Эльза Ласкер-Шулер. «Мое сердце»[770]
I. Любовные письма советского беженца: гибрид и пародия жанра
Под впечатлением «Кайзеровской панорамы» Вальтер Беньямин в «Берлинском детстве на рубеже веков» вспоминал о 1932–1933 годах следующим образом:
Странным в путешествии было то, что его дальний мир не всегда был чужим и что тоска, которую оно пробуждало во мне, не всегда манила в неизвестное, гораздо чаще становилась мягким побуждением к возвращению домой[771].
Немного курьезно звучит в его московских размышлениях следующее: «Лучше, чем сама Москва, виден из Москвы Берлин»[772]. Совсем наоборот в случае Виктора Шкловского, когда он в своем «ZOO, или Письмах не о любви» (1923) смотрит из Берлина на Москву, пользуясь не оптической «машиной иллюзий», а эпистолярным жанром. В любом случае, беглые взгляды на чужбину, задержавшиеся на ней, пробуждают у автора писем, как и у молодого Беньямина, желание вернуться домой, что, по моему убеждению, в особой степени мотивировано визуальным беглым восприятием метрополии, кажущейся иллюзорной.
Не случайно после своего сентиментального путешествия[773] Шкловский создает на промежуточной берлинской остановке не путевой отчет, не путеводитель или же городской роман, а пусть одностороннюю, но переписку. В этом жанре он прежде всего примыкает к ставшим образцом стиля в русской литературе «Письмам русского путешественника» Н. Карамзина. Карамзинские описания путешествий 1790-х годов отмечены узнаванием[774] того, что было систематизировано и заготовлено заранее в качестве замысла образовательного путешествия по Германии, Швейцарии и Франции. Шкловский, напротив, оказывается в Берлине и использует «ZOO, или Письма не о любви» в качестве документа, свидетельствующего об определенном этапе своего пребывания на чужой немецкой станции поселения русских. И хотя корреспондент у Шкловского также в карамзинской манере придумывает ситуацию писания писем из уединения, отмеченную смешением /авто/биографического и дескриптивного способов изображения, однако его любовные письма выступают и в качестве пародирования жанра.

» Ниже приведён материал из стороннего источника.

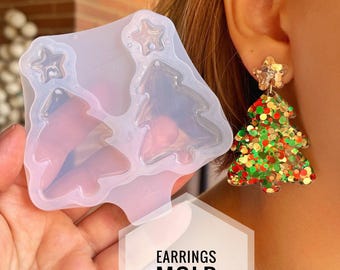 Silicone Mold for Christmas Tree Earrings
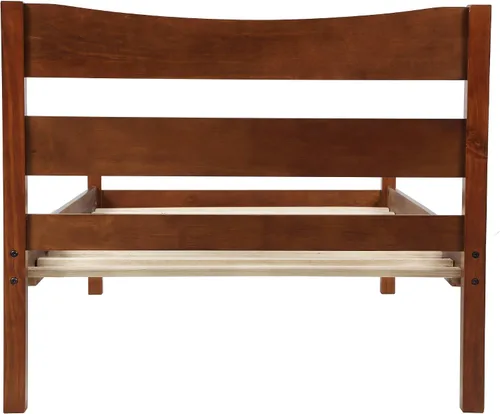 Vista 8 de MERITLINE Cama de plataforma de tamaño individual con cabecero y estribo, marco de cama de madera, no necesita somier, nogal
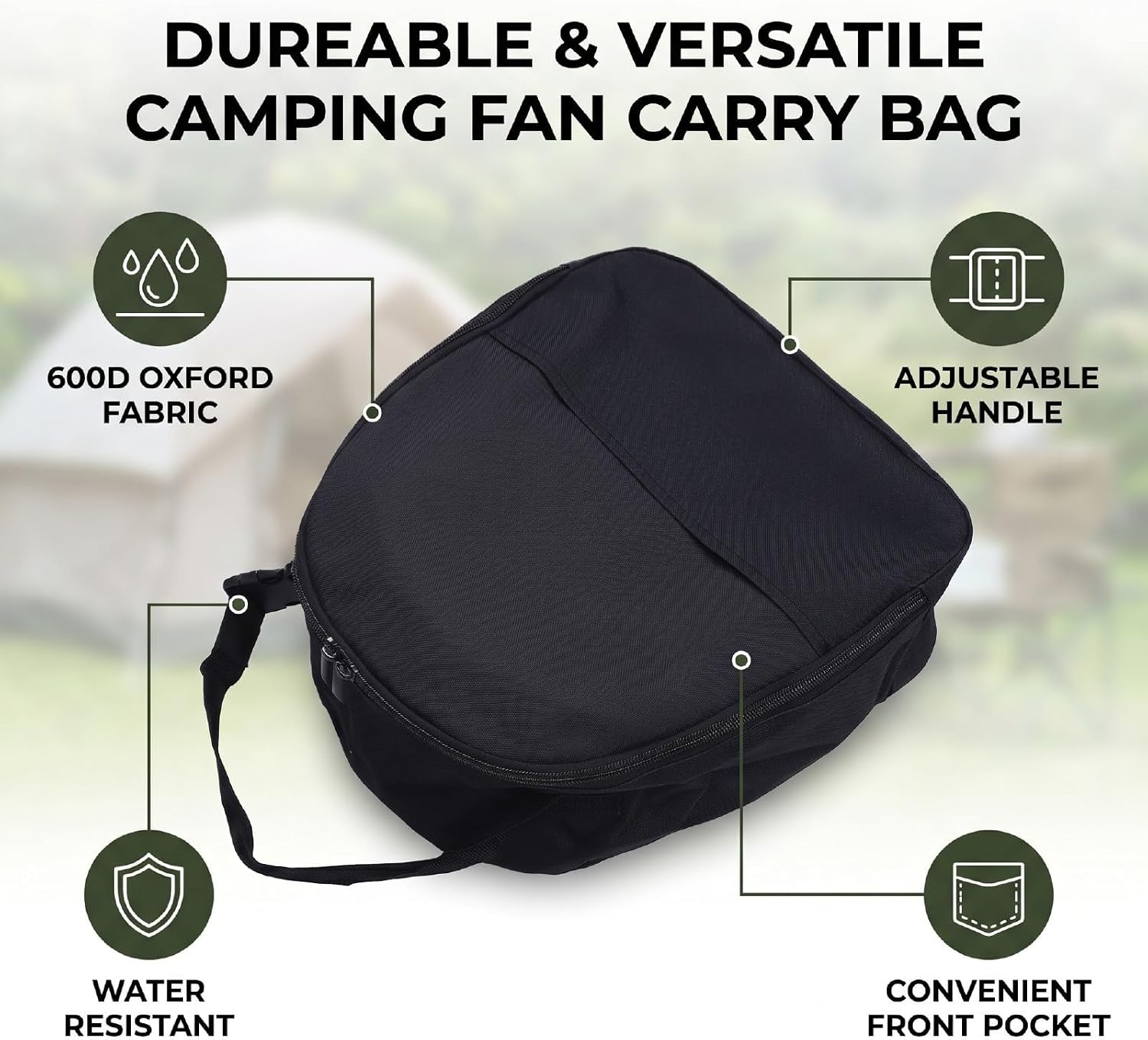 Camping Fan Carry Bag,Portable Storage Case for Outdoor Fan with Handle 600D Oxford Fabric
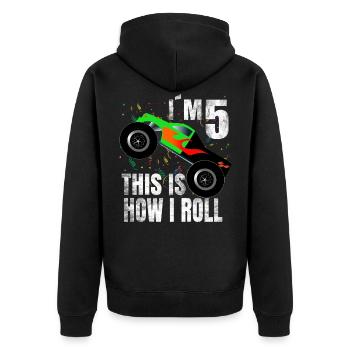Geburtstag Junge 5 Jahre Monster Truck Geschenk - Unisex Premium Bio Zip Hoodie - Schwarz - Hinten - Nico (187cm)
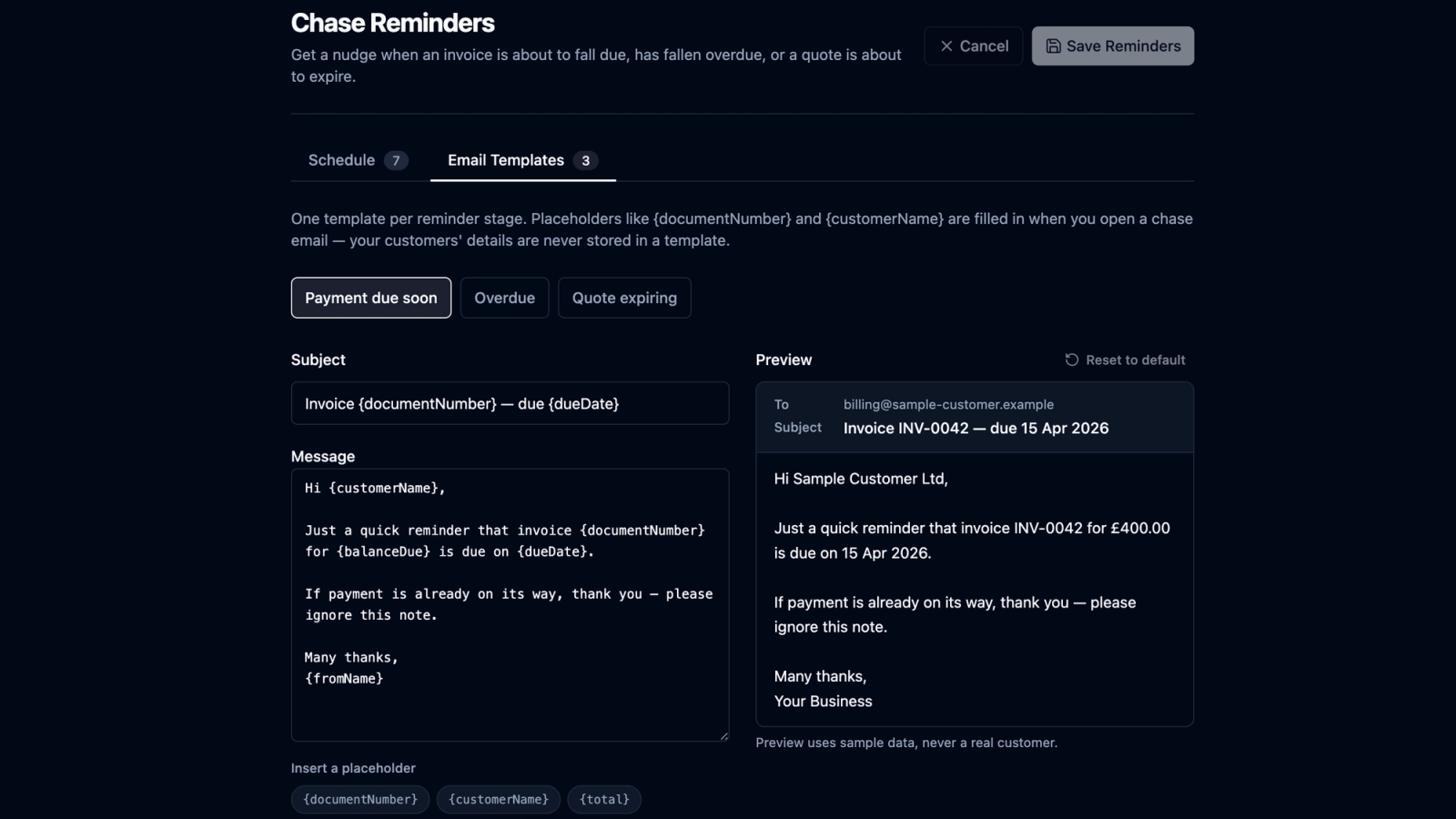 Set up chase reminders for invoices and quotes in recevo.io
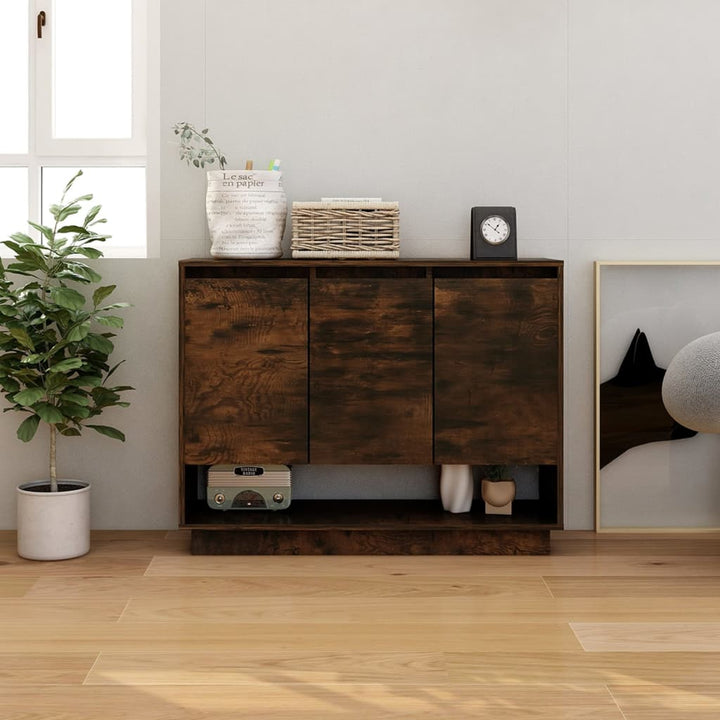 skænk 97x31x75 cm konstrueret træ røget egetræsfarve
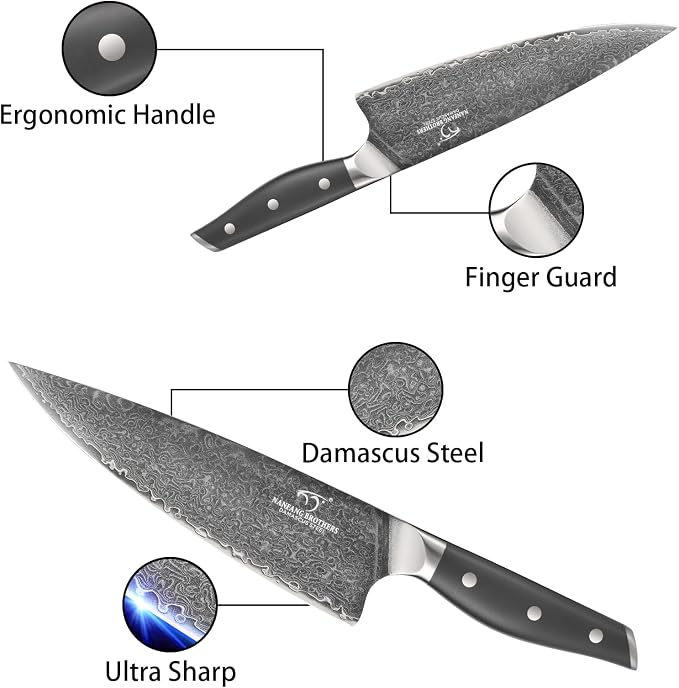 Damascus Knife Set with Block, 16-Piece VG10 67-Layer Steel Kitchen Knives | 16-piece premium Damascus kitchen knife set with VG10 steel core, 67 layers, wood block, and triple-rivet handles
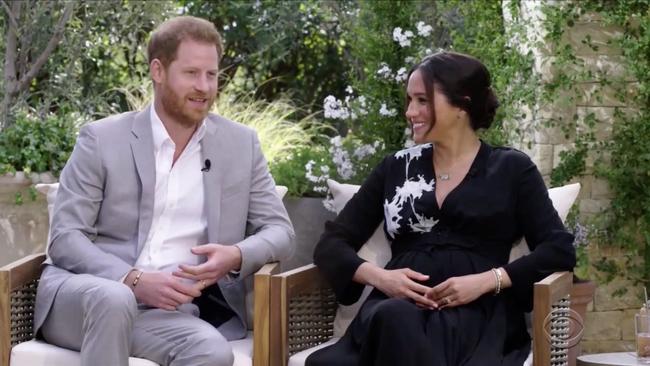 Prince Harry and Meghan Markle during their interview with Oprah Winfrey. Picture: CBS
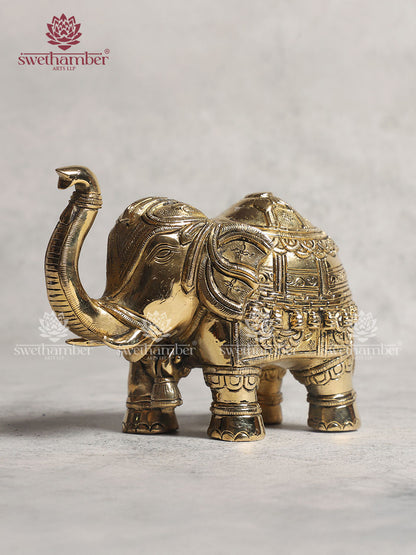 Brass Elephant Statue With Enhanced Carving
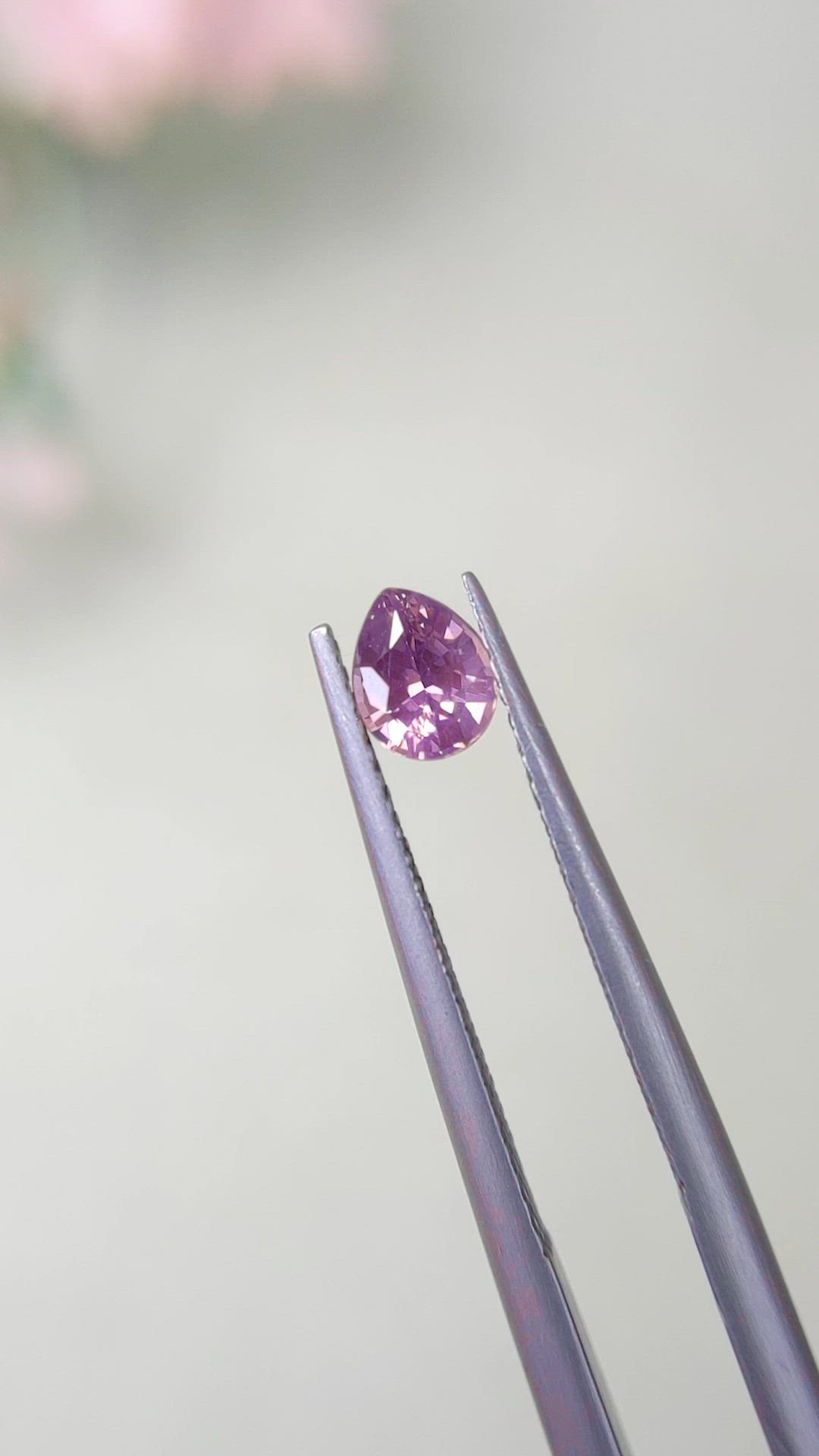 0.52 Ct. Pinkish Purple Sapphire from Ceylon (Sri Lanka) Size Video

Сам автор в первом предисловии обозначает процесс ее создания следующим образом: «Первоначально я задумал дать ряд очерков русского Берлина»[775]. Для пришедшей затем в голову идеи любовной переписки он нашел (открыл) объяснение: «/Т/ак как основной материал книги не любовный, то я выразил запрещение писать о любви»[776].